The Costs of Cultural Heritage Data Services: The CIDOC CRM or Aggregator formats?

Martin Doerr (Research Director at the Information Systems Laboratory and Head of the Centre for Cultural Informatics, FORTH)
Dominic Oldman (Principal Investigator of ResearchSpace, Deputy Head IS, British Museum

June 2013

Many larger cultural institutions are gradually increasing their engagement with the Internet and contributing to the growing provision of integrated and collaborative data services. This occurs in parallel with the upcoming so-called aggregation services, seemingly striving to achieve the same goal.

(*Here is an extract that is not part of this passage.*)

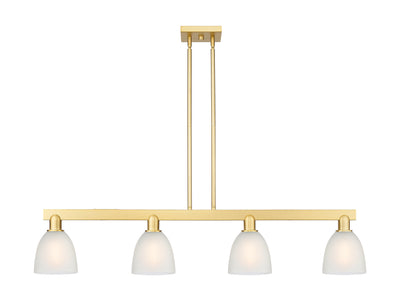 Arcadia Island Light Cast Brass Finish
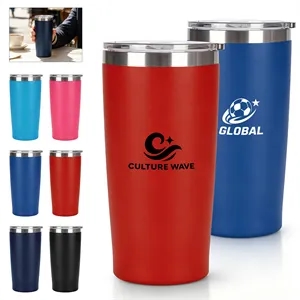 20Oz Stainless Steel Insulated Coffee Tumbler W/ Slide Lid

At a closer look however, there are quite fundamental differences that produce very different outcomes.

Traditional knowledge production occurred in an author’s private space or a lab with local records, notwithstanding field research. This space or lab may be part of an institution such as a museum. The author (scholar or scientist) would publish results and by making content accessible it would then be collected by libraries. The author ultimately knows how to interpret the statements in his/her publication and relate that to the reality referred in the publication, from the field, from a lab or from a collection. Many authors are also curators of knowledge and things.

The librarian would not know this context, would not be a specialist of the respective field, and therefore must not alter in any way the content. However, (s)he would integrate the literature under common dominant generic concepts and references, such as “Shakespeare studies”, and preserve the content.

In the current cultural-historical knowledge life-cycle, we may distinguish three levels of stewardship of knowledge: (1) the curator or academic, (2) the disciplinary institution (such as the Smithsonian, the British Museum or smaller cultural heritage bodies) (3) the discipline-neutral aggregator (such as Europeana or IMLS-DCC).  Level (2) typically acts as “provider” to the “aggregator”.

Obviously, the highest level can make the least assumptions about common concepts, in particular a data model, in order to integrate content. Therefore, it can offer services only for very general relationships in the provided content. On the other side, questions needing such a global level of knowledge will be equally generic. Therefore, the challenge is NOT to find the most common fields in the provider schemata (“core fields”), but the most relevant generalizations (such as “refers to”, avoiding overgeneralizations (such as “has date”). These generalizations are for accessing content, but should NOT be confused with the demand of documenting knowledge. At that level some dozens of generic properties may be effective.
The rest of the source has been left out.